Well two different ideas of mine are, if Spock uses the red matter on the body of the super-nova and the Hobus super-nova were somehow actively "pushing" the FTL shockwave, then collapsing the Hobus super-nova into a blackhole would cut off the energy that was causing the shockwave to propagate.

The other idea, Spock in his mindmeld with nuKirk indicated that even after the destruction of Romulas, Spock still had time to effect a positive result, nuSpock theorized that red matter could manipulate space-time, So when Spock collapsed the super-nova, he didn't just stop the effects, Spock actually reversed the effects of the shockwave, Romulus would have been as good as new.

Just a couple of ideas.

:):):):)
 
Certainly there was a time limit for Spock to act even after Romulus was destroyed ("I had little time"). Possibilities:

1) Past that limit, the effects could not be reversed.
2) Past that limit, the effects could not be stopped, and the galaxy would eventually be destroyed no matter what else was done; Romulus would stay dead in any case.
3) Past that limit, the effects would hit their next target (Remus?); Romulus would stay dead in any case.
4) Past that limit, Spock's primed red matter would turn against him, so it had to be jettisoned even if it could no longer save anybody in the Romulan system and even if the supernova as such didn't threaten anybody else any more.

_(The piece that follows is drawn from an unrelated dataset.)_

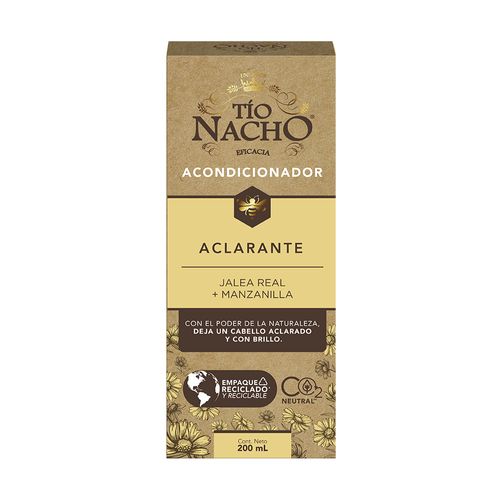 ACONDICIONAD T NACHO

Alternative 4 is techno-logically easy to accept, as it assumes nothing about the nature of the supernova or the way a black hole (or other result of red matter use) would stop one. Alternative 1 grants red matter the greatest powers, but it's sort of logical that if it demonstrably sends two starships to the past, it could inherently have time-reversing effects. Alternatives 2 and 3 beg the question of the exact mechanism of supernova stopping...

Timo Saloniemi
 
^Except option 4 doesn't make sense, since the Red Matter then spends at least a day on Nero's ship, perfectly content.

Remember that according to the meld, the star goes supernova before Spock even meets with Romulan leadership, and before the Jellyfish is prepared. At the very least, he needed time to get from Romulus to Vulcan before he can launch, and all this time the supernova's raging on, "consuming everything in it's path". IMO this suggests a bigger scale to the destruction than one system.
 
^Except option 4 doesn't make sense, since the Red Matter then spends at least a day on Nero's ship, perfectly content.
Only in its spherical form, mind you. When a droplet is extracted into one of those cylinders, it might be unstable.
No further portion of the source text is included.